Little Hans Christian was a most extraordinary child. He was ugly, as he remained all his life; for his body and neck were too long and too thin, his feet and his hands were too large and too bony, his nose was large and hooked, and his eyes were small and set like a Chinaman's. However, it was not his looks, but his oddity, which cut him off from other children. He would sit all day and make doll clothes, or cut dolls and animals out of paper; and these were not things which would be likely to make other boys like him and admire him. He had little schooling, and even when he was a grown man he knew none too much of the grammar of his own language.

After his father's death, when he himself was about eleven, little Hans Christian was more solitary than before, and shut himself up still more with his doll's clothes, his toy theaters, and his books, for he was, like his father, very fond of reading. Especially did he like those books which had anything about ghosts or witches or fairies in them. While he was but a child, he wrote a play of his own, in which most of the characters were kings and queens and princesses; and because he felt that it could not be possible that such lofty personages would talk the same language as ordinary people, he picked out from a dictionary, which he managed somehow to get hold of, French words, German words, English words, and high-sounding Danish words, and strung them all together to make up the conversation of his characters.

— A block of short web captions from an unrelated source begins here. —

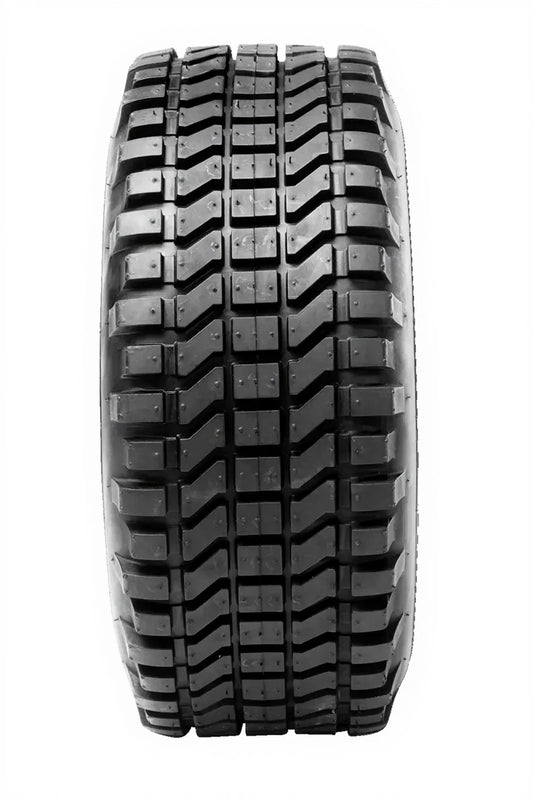 Reifen 18 x 7.00 - 8, TR 360
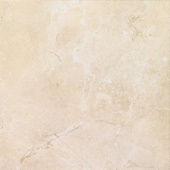 MOTIVE CREMA ПОЛ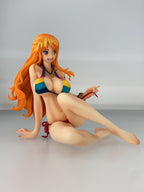 Other Brand P.O.P Ver BB Figure - Nami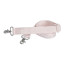 Stanley Limited Edition Rattan Rose Quartz All-Day Julienne Mini Cooler, 7L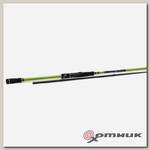 Удилище Foreman, 2.28 м Champion rods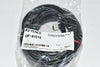 NEW Keyence OP-87274 CABLE PVC 10 METER LENGTH CONNECTOR CABLE M12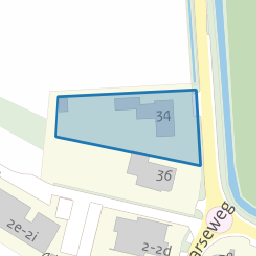 Perceel RNN02-F-2014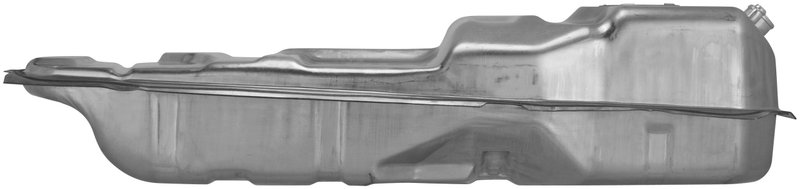 Spectra GM56C Fuel Tank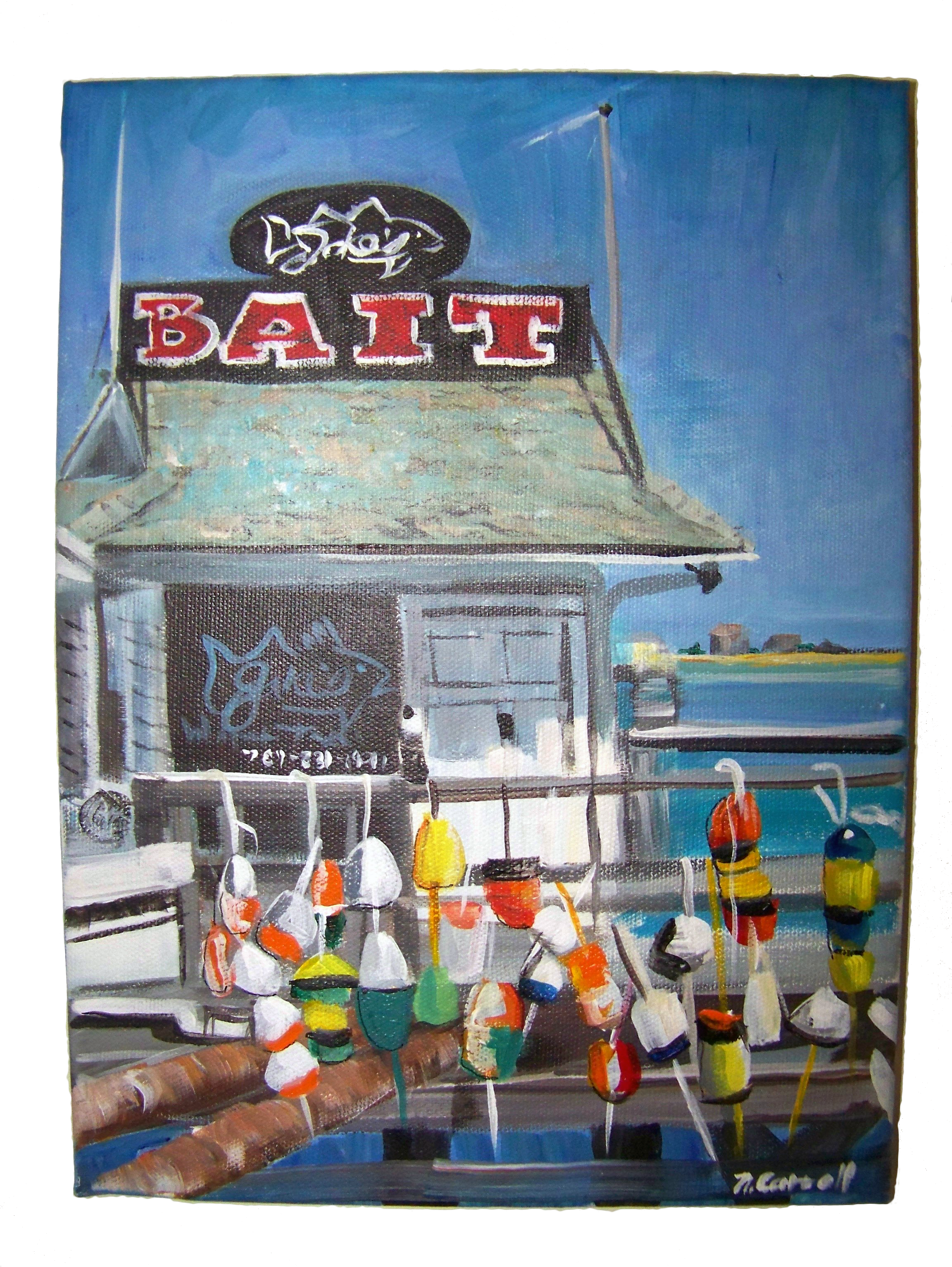 JakesBaitPlymouthWharf.png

It was no more than natural that such a strange, unattractive-looking child should be made fun of by the prosaic, commonplace people of his neighborhood, and this was untold pain to the sensitive boy. There were, however, in the town, people of a higher class, who perceived in the boy something beyond the ordinary, and who interested themselves in his behalf. They had him sent to school, but he preferred to dream away his time rather than to study, and his short period of schooling really taught him nothing.

His mother, careless as she was, began to see that matters must change— that the boy could not go on all his life in this aimless fashion; but since he steadily declined to be a tailor or a cobbler, or indeed to take up any trade, it seemed no easy question to settle. However, in 1818, there came to Odense a troupe of actors who gave plays and operas. Young Andersen, who by making acquaintance with the billposter was allowed to witness the performances from behind the scenes, decided at once that he was cut out to be an actor. There was no demand for actors in his native town, and he therefore decided to go to Copenhagen, the capital of Denmark, there to seek his fortune.

With about five dollars in his pocket, Andersen reached Copenhagen in September, 1819, but he found that a fortune was by no means as easily made as he had fancied. He himself felt convinced that he should be a famous actor, but how was he to convince any one else of this fact? From one actor to another, from one theater manager to another he went, but all told him that for one reason or another he was not fitted for the stage. Particularly did Andersen resent the excuse of one manager, who told him that he was too thin. This fault Andersen assured him that he was only too willing to remedy, if he would only give him a chance and a salary; but still the manager refused.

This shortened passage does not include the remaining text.